Entrent SPEED et LANCE.

SPEED. — Lance, parole d'honneur, tu es le bienvenu à Milan.

LANCE. — Ne te parjure pas ainsi, mon tourtereau, car je ne suis pas le bienvenu. Je suis toujours d'avis qu'un homme n'est jamais perdu avant d'être pendu, et qu'il n'est jamais le bienvenu quelque part avant qu'on ait tiré certains canons et que l'hôtesse ait dit : « Soyez le bienvenu. »

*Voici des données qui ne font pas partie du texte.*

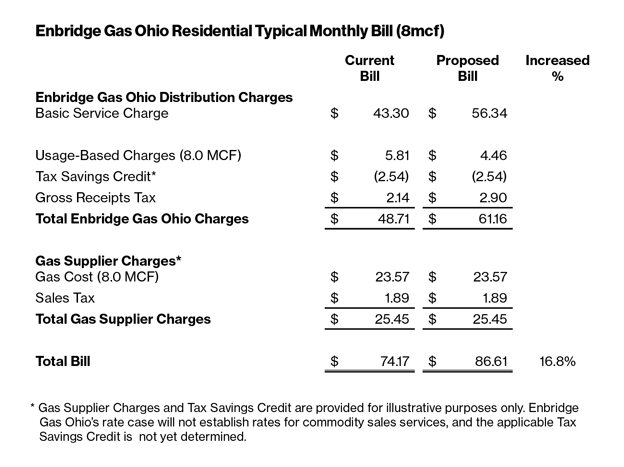 Enbridge Gas Residential Typical Monthly Bill Chart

SPEED. — Viens cà, tête de fou ; je vais te mener tout droit au cabaret, où, pour un canon de dix sous, tu auras dix mille souhaits de bienvenue. Mais, dis-moi, flandrin, comment ton maître s'est-il séparé de Madame Julia ?

LANCE. — Parbleu, après s'être pris à bras-le corps pour tout de bon, ils se sont séparés en bonne humeur, satisfaits l'un de l'autre.

SPEED. — Mais l'épousera-t-elle?

LANCE. — Non.

SPEED. — Comment, non ? Et lui, l'épouserat-il ?

LANCE. — Pas davantage.

SPEED. — Comment donc ? Est-ce qu'ils ont rompu ?

LANCE. — Rompu, non; à eux deux ils sont unis comme un seul poisson.